Thanks for providing an easy-to-reply-to post. First, two comments for
@Boomer19:
1) your example scenario is way too complicated to reply to.
2) the DTCC only gives new shares in the amount of 400 and 800, not the 500 and 1000 you said.
Back to
@Steve m:
I don't think you are correct about not needing to provide shares until the position is closed. The broker who borrowed the shares from the guy in the first place is on the hook to make sure he is, and remains, whole. The broker does this by ensuring that she (Susan) is able to return the shares when necessary, which can be for a number of reasons: (1) the lender (Len) sells his (borrowed) shares, (2) Susan closes her position, (3) the value of the shares increases past Susan's margin limits. (There may be other reasons.)

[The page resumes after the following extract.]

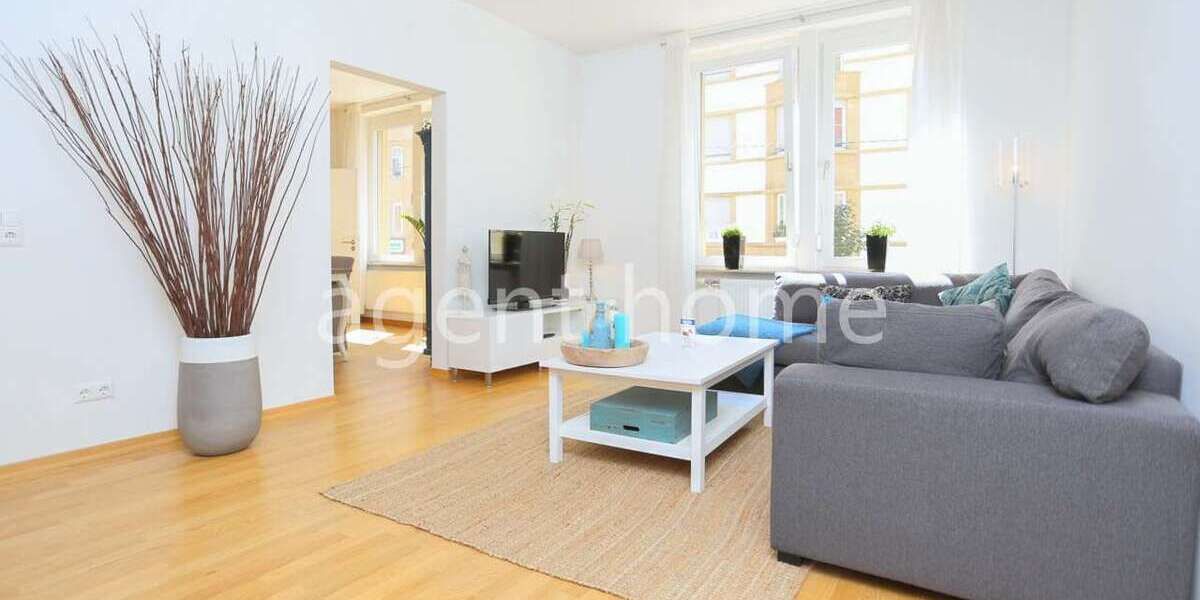 Etagenwohnung Stuttgart Lehen - 4 Zimmer, 120 m&sup2;, 2.240&euro; | Angebot:26780325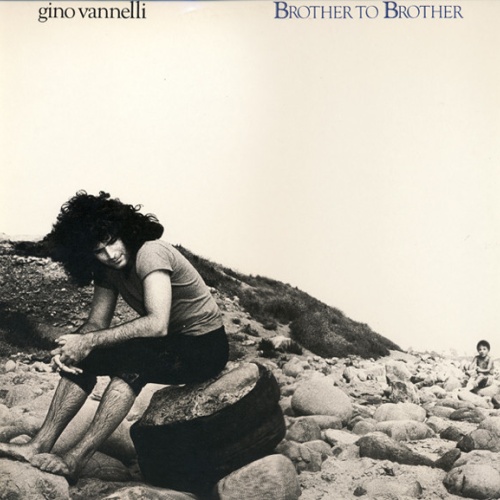 Vinyl / Gino Vannelli - Brother To Brother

Hypothetically, Tesla announces on battery day that batteries are no longer necessary, they have a working Mr. Fusion. Stock goes from $420 up to $10,000. Now Susan, who has only ever borrowed one share, needs to return $50,000 worth of shares. If she can't, the broker has to instead, and they don't want to be in this situation. So,
at the time of the split being effective, the broker would have borrowed the extra shares on Susan's behalf. Susan doesn't notice; before the split, she had borrowed $2,100 worth of one share, and after the split she has borrowed $2,100 worth of 5 shares @$420. So, no margin call or anything at that time. Now when Mr. Fusion comes along, the broker just takes everything they can get their hands on of Susan's, until they can satisfy her debt (or they assume the part she can't cover). Edit: meant to stress here that at least they have the shares to return to Len, because they were already borrowed. This prevents contributing to a short squeeze over and above the margin calls. End Edit.

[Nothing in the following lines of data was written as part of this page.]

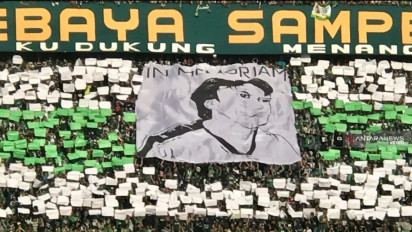 5 Pemain Sepak Bola Indonesia yang Meninggal Saat Bertanding, Ada Andalan di Timnas dan Persebaya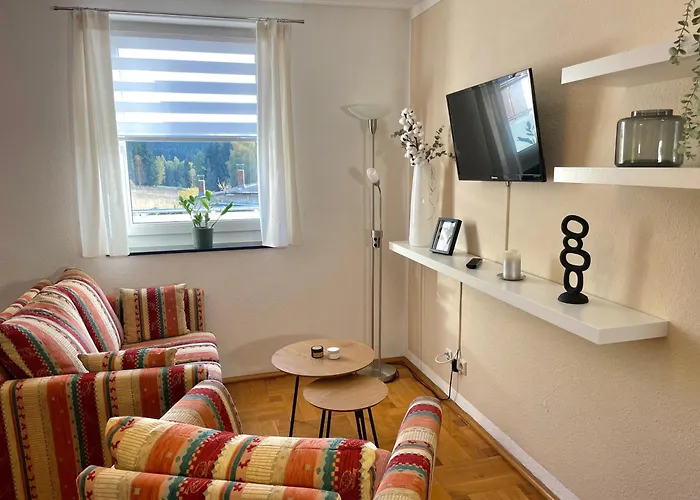 Ferienapartments Erzpanorama يوهانغيورغنشتات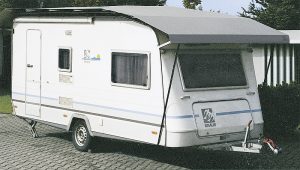 Wohnwagen Schutzdach Typ 9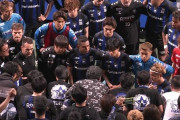 ガンバ大阪が公式サイトに小野社長のメッセージを掲載　試合後にはサポーターとの話し合いも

Of course the hypothetical is ridiculous, unless it isn't, but the reality is that TSLA could easily climb 100% in a couple of weeks, and there is no way that the broker would assume responsibility for that situation. As I said, they address it by borrowing on Susan's behalf at the time of the split, not later when it becomes necessary. They can do this, because it's part of the agreement Susan signed when she applied for permission to trade on margin and sell short.